Pour l’avenir, la question clé est de savoir si le ralentissement de la croissance de l’emploi représente un événement ponctuel ou quelque chose de plus durable. Entre février et avril de l’année dernière, au début des verrouillages, le pourcentage d’Américains en âge de travailler qui avaient un emploi ou qui cherchaient du travail est passé de 63,4% à 60,2% – une baisse sans précédent sur une période aussi courte. Depuis lors, le taux d’activité a rebondi, à 61,7 pour cent, ce qui signifie que moins de la moitié des COVID-19 plongeon a été inversé. Même si la pandémie recule, il est possible que de nombreux Américains qui ont abandonné la population active en 2020 ne reviennent jamais. Mais il est également parfaitement possible que ce danger soit surestimé. Si les infections et les hospitalisations continuent de diminuer, la nervosité face au virus devrait également diminuer. À mesure que de plus en plus d’écoles rouvriront complètement, la garde d’enfants peut devenir moins un problème.
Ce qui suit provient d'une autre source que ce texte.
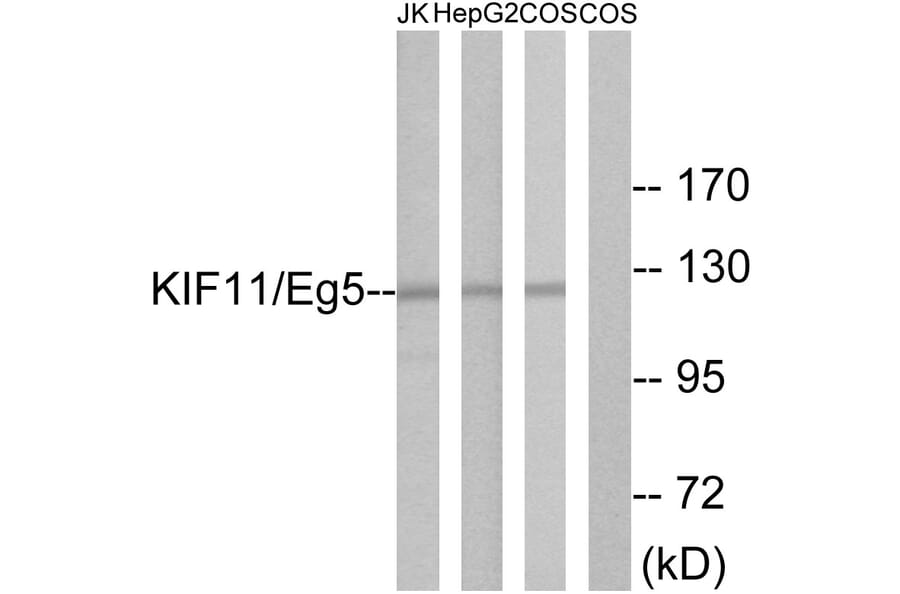 Western Blot - Anti-KIF11 Antibody (B1081) - Antibodies.com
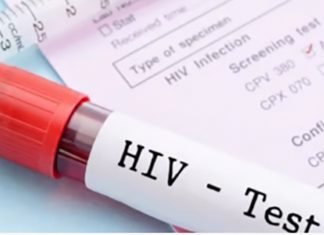 HIV-test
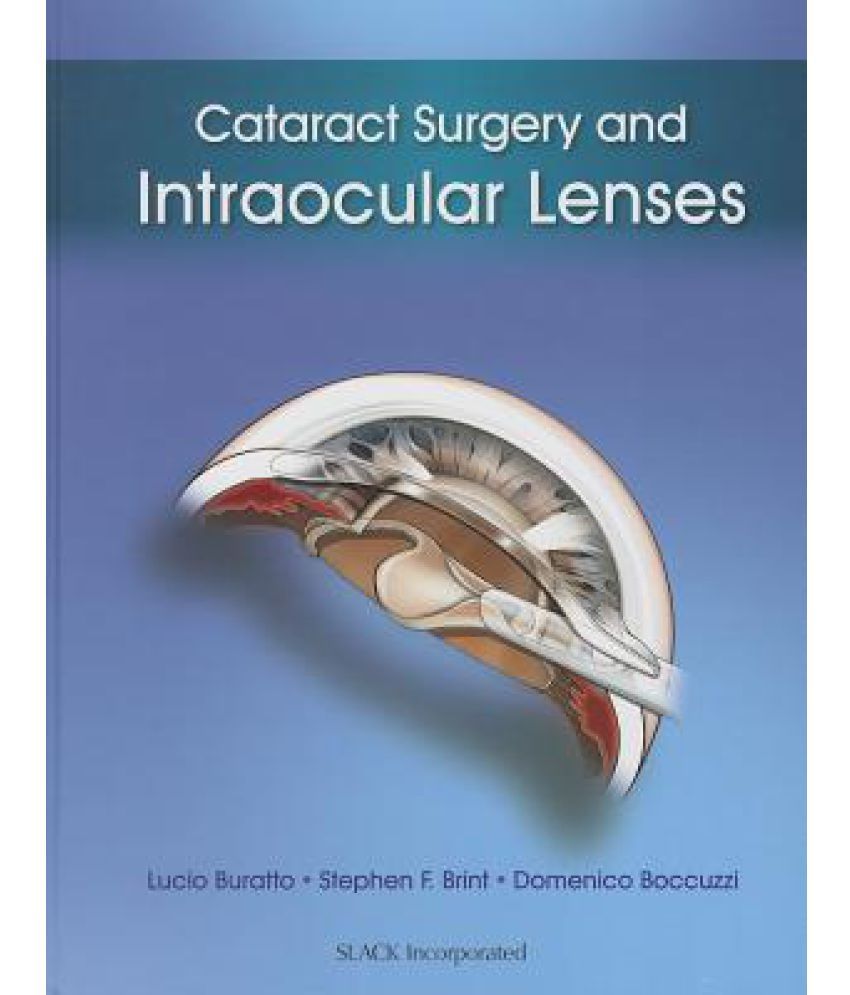 Cataract Surgery and Intraocular Lenses Buy Cataract Surgery and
Les suppléments fédéraux aux allocations de chômage devraient expirer en septembre, et certains États dirigés par les républicains sont susceptibles de les suspendre avant même cette date. Pendant ce temps, de nombreux employeurs recherchent avec impatience de nouvelles recrues. «L’offre de main-d’œuvre va finalement réagir», a déclaré Daco. «Si le marché du travail est brûlant et que les gens voient des opportunités, ils finiront par revenir. Sur cette base, il prévoit que l’économie créera un total de huit millions d’emplois en 2021 et que le taux de chômage tombera à 4,3% d’ici décembre.
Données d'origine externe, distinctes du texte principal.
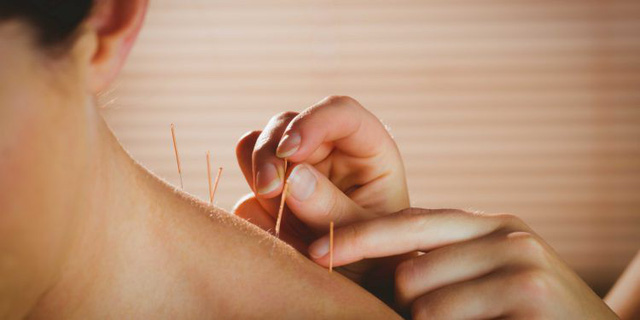 Những bí mật của liệu pháp trị bệnh bằng kim - Ảnh 2.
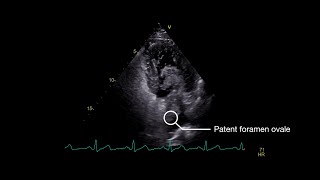 Stroke From Paradoxical Embolism Through a Patent Foramen Ovale [upl. by Noremmac]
Compte tenu du caractère précaire des prévisions économiques, ces prévisions pourraient être trop optimistes ou bien trop prudentes. Mais quoi qu’il arrive, l’injonction de Daco de ne pas accorder trop d’importance à un seul rapport d’emploi mérite d’être rappelée. Ce qui compte, c’est la tendance, et au cours des trois mois qui ont suivi le début du mois de février, la croissance de l’emploi a été en moyenne de cinq cent vingt-quatre mille par mois, comme le Conseil des conseillers économiques de la Maison Blanche souligné vendredi. Ce chiffre indique que l’économie rebondit fortement après la pandémie et, cette fois-ci le mois prochain, lorsque le ministère du Travail publiera le rapport sur l’emploi pour mai, il est probable que le recrutement se redresse considérablement à mesure que ce rebond se poursuivra. Mais ne pariez pas votre maison sur un chiffre précis. L’économie américaine nous surprend à chaque tournant depuis que le coronavirus a frappé. Il pourrait recommencer.